_What you should do_.
The following entries are to be retyped in full, exactly as written.

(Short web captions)
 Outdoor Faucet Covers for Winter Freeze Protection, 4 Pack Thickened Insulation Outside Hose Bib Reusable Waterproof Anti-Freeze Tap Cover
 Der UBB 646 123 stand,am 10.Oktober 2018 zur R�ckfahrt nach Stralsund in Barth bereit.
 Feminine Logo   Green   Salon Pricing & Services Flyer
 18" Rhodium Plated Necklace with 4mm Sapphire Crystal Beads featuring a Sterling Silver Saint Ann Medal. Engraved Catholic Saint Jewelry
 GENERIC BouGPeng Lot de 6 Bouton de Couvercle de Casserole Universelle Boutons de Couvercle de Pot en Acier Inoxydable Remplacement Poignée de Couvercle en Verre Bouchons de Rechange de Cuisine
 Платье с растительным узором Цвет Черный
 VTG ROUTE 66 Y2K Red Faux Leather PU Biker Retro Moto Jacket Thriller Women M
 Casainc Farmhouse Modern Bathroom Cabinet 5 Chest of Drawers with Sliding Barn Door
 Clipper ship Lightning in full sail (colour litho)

_Result_.
 Outdoor Faucet Covers for Winter Freeze Protection, 4 Pack Thickened Insulation Outside Hose Bib Reusable Waterproof Anti-Freeze Tap Cover
 Der UBB 646 123 stand,am 10.Oktober 2018 zur R�ckfahrt nach Stralsund in Barth bereit.
 Feminine Logo   Green   Salon Pricing & Services Flyer
 18" Rhodium Plated Necklace with 4mm Sapphire Crystal Beads featuring a Sterling Silver Saint Ann Medal. Engraved Catholic Saint Jewelry
 GENERIC BouGPeng Lot de 6 Bouton de Couvercle de Casserole Universelle Boutons de Couvercle de Pot en Acier Inoxydable Remplacement Poignée de Couvercle en Verre Bouchons de Rechange de Cuisine
 Платье с растительным узором Цвет Черный
 VTG ROUTE 66 Y2K Red Faux Leather PU Biker Retro Moto Jacket Thriller Women M
 Casainc Farmhouse Modern Bathroom Cabinet 5 Chest of Drawers with Sliding Barn Door
 Clipper ship Lightning in full sail (colour litho)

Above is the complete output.